[Devel] [PATCH v3 4/9] user namespace support for upstream containers

Tue May 14 00:32:25 PDT 2013

On 05/14/2013 07:02 AM, Kir Kolyshkin wrote:
> Oh my, four cases of whitespace-at-eol which I had to fixed manually.
> 
Sorry about that. I think I got to used to checkpatch and the such that
I forget to verify all of those manually.

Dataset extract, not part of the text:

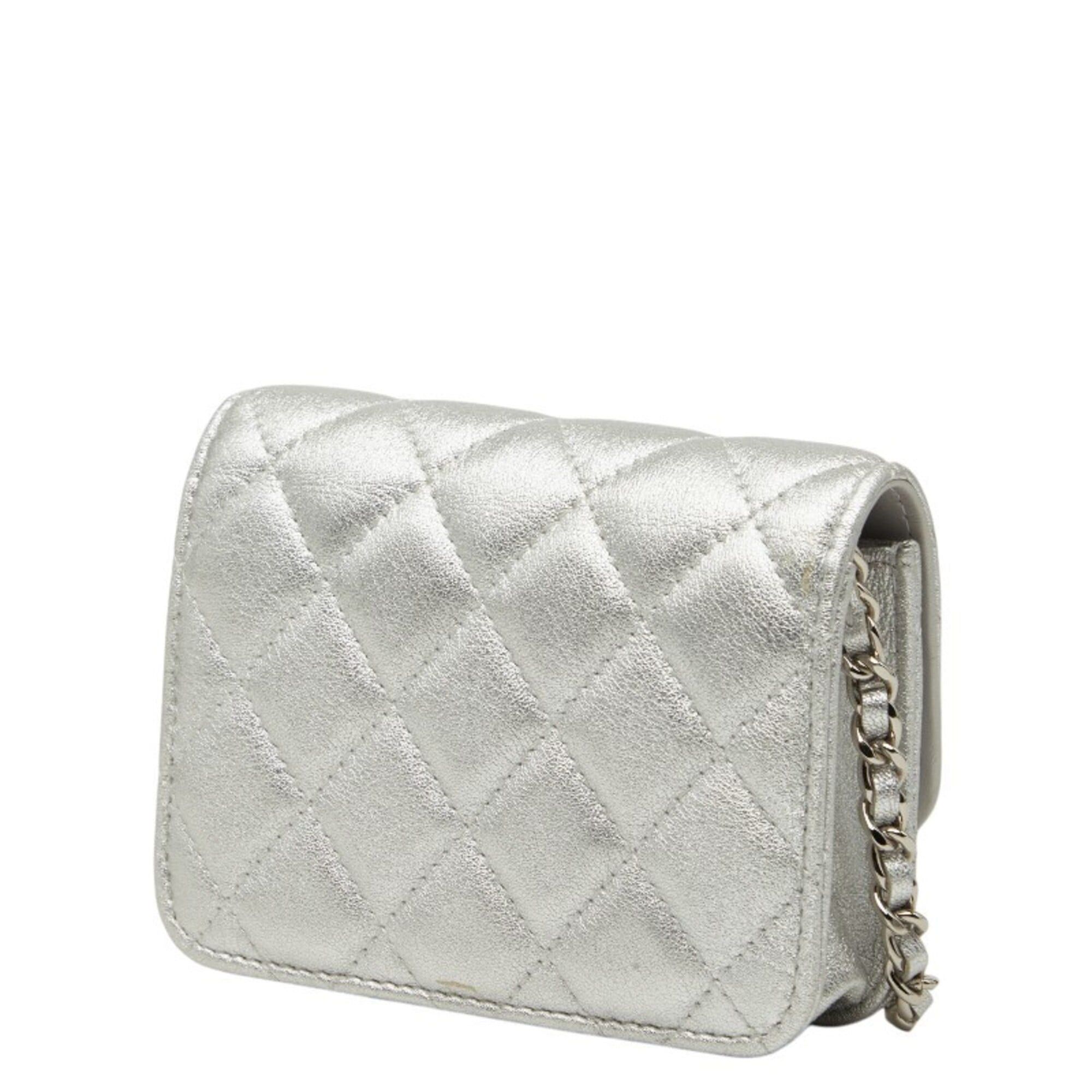 Chanel Chanel Mini Matelassé Coco Mark Chain Shoulder Bag Pouch Silver Leather Women's CHANEL Size ONE SIZE - 2 Thumbnail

> Wanted to apply it nevertheless and fix some things myself, but then the
> list grew out too big.
> 
> Plus please see inline.
> 
Here we go.

>>   /* This function is there in GLIBC, but not in headers */
>>   extern int pivot_root(const char * new_root, const char * put_old);
>>   @@ -138,10 +140,41 @@ static int _env_create(void *data)
>>       struct env_create_param3 create_param;
>>       int ret;
>>   -    if ((ret = ct_chroot(arg->res->fs.root)))
>> +    if ((arg->userns_p != -1) && (read(arg->userns_p, &ret,
>> sizeof(ret)) == 0))
> 
> 1 I'd suggest comparing with sizeof(ret)
As you wish.

> 2 We can't print any errors here, can we? If we can I'd rather do it.
> 
I believe logger works in here, yes.
>> +        return -1;
> 
> You're supposed to return VZ_* exit codes from here.
> 

ok.

>> +
>> +    ret = ct_chroot(arg->res->fs.root);
>> +    close(arg->userns_p);
>> +    /* Probably means chroot failed */
>> +    if (ret)
>>           return ret;
>>   -    if ((ret = vps_set_cap(arg->veid, &arg->res->env,
>> &arg->res->cap, 1)))
>> +    if (arg->h->can_join_userns) {
>> +        int fd;
>> +        setuid(0);
>> +        setgid(0);
>> +        /*
>> +         * We need the special flag "newinstance". This is a requirement
>> +         * of the userns-aware implementation of devpts as of Linux 3.9.
>> +         * Because of that special requirement, we do it here rather
>> than
>> +         * later.
>> +         */
>> +        mount("devpts", "/dev/pts", "devpts", 0, "newinstance");
> 
> What if mount point does not exist, or is not a directory?
> 
> I think it makes sense to
> 1. try creating it, ignoring EEXIST
> 2. check return from mount()
> 
Check return and then what? It is not clear for me if we should abort or
not when things go wrong. It seems perfectly valid that the container
continues. I have the same dilemma with the other devices.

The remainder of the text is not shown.